RECONQUISTA

  • 09-01-20 18:01 Alter: 90 Tage

    Europa - Ein Ring uns zu knechten?

    Frankreichs Motiv hinter der Europäischen Union


    Die  Europa-Flagge zeigt einen Ring aus 13 gelben Sternchen.
    Ein Schelm, wer Böses dabei denkt. Deutsche Europa-Skeptiker  blicken mit wenig Begeisterung auf das Sternenbanner.
    „Ein Ring uns zu knechten“ heißt es lapidar.
    Das soll heißen: Europa ist eine politische Konstruktion, die sich speziell gegen Deutschland richtet. Die Europäische Union habe den Zweck, die deutsche Wirtschaftskraft und Souveränität zu begrenzen und Deutschland möglichst klein zu halten, so die Behauptung.

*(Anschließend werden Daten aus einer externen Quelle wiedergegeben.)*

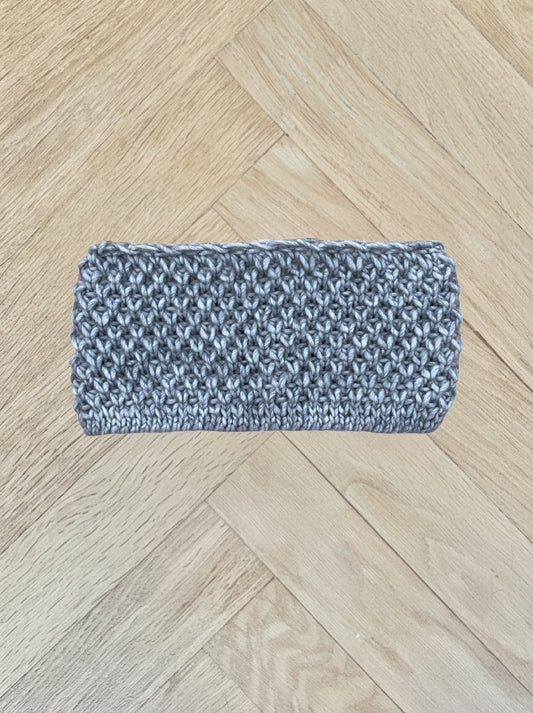 PANDEBÅND AF ULD - LYSEGRÅ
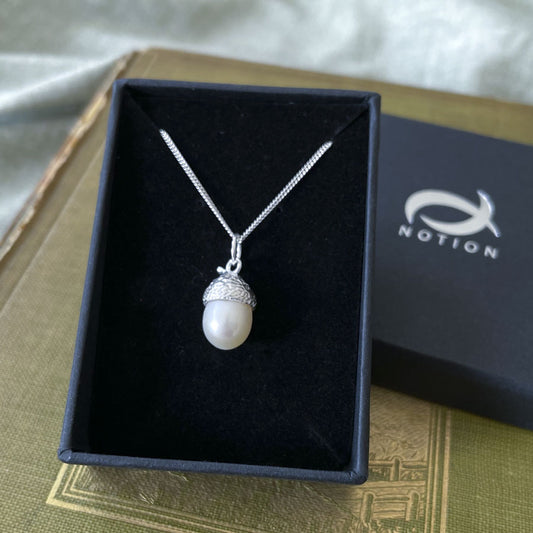 Real pearl necklace by Notion Jewellery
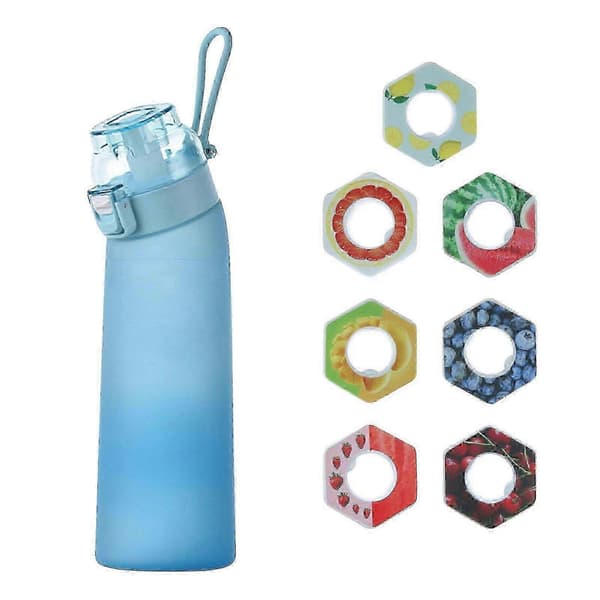 700 ml:n makuvesipullo 7 hedelmäpodilla - Sininen (2025)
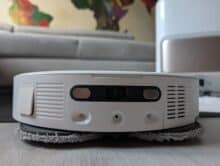 Back of the robot with sensors and mop modules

Eine solche negative Sicht auf Europa wird selten offen geäußert, aber entspricht doch einem weit verbreiteten Mißtrauen. Ob darin mehr als ein Funken Wahrheit liegt, gilt es zu prüfen.
    Wer das heutige Europa verstehen will,  muss sich fragen, wie die Europäische Union entstanden ist. Sie gündet auf einem Mythos. Ähnlich wie die Göttin Europa auf dem Stier in eine mythologische Vergangenheit zurückweist, so sind auch die Anfänge der Europäischen Gemeinschaft von einem verklärenden Mythos umgeben.
    Der lautet kurz gefasst:  Nach dem Zweiten Weltkrieg waren die europäischen Völker des ewigen Kämpfens müde und die Erkenntnis setzte sich durch, dass sie nur gemeinsam Frieden und Wohlstand erreichen konnten. Dieses Friedensmotiv bildet auch heute das schlüssige und allgemein anerkannte Argument für die europäische Zusammenarbeit. Daß Europa allein darauf beruhe, könnte man als Friedens-Mythos bezeichnen.
    Die mythologische Verklärung verdeckt die Schattenseiten der europäischen Einigung. Frieden war und ist auch heute nicht das einzige Motiv. Das Friedensmotiv ist nur die Schauseite der Medaille, fortbestehende alte Gegensätze,  Machtfragen, ja Feindschaften, sind die andere.
    Am Ende des Zweiten Weltkrieges standen fast alle europäischen Staaten Deutschland in erbitterter Feindschaft gegenüber. Deutschland lag zwar am Boden, aber die Nachbarn, allen voran Frankreich, fürchteten nichts so sehr wie eine Wiederauferstehung des großen Nachbarn.
    Darin traf man sich mit den Interessen der USA. Auch die Amerikaner waren schließlich zweimal in den Krieg gezogen, um eine konkurrierende Großmacht in Europa zu verhindern.
    Mit vereinten Kräften wollten Europäer und Amerikaner also Vorkehrungen treffen, Deutschland dauerhaft am Boden zu halten. Die Formel dafür lautete: „den Frieden bewahren“. Aus dem Friedensmotiv, der Absicht Deutschland unter Kontrolle zu halten, entwickelte sich die Idee des „gemeinsamen Europa“.
    Insbesondere Frankreich bemühte sich nach 1945 darum, die Wiederherstellung eines deutschen Staates dauerhaft zu verhindern. Frankreich sperrte sich entschieden gegen das US-Projekt „Bundesrepublik“, versuchte es gar zu torpedieren.
    Paris strebte danach, die französische Grenze bis zum Rhein vorzuschieben, das Ruhrgebiet unter französische Kontrolle zu bringen und den Rest Deutschlands dauerhaft unter Militärverwaltung zu stellen.Das Interesse richtete sich vor allem auf das Ruhrgebiet.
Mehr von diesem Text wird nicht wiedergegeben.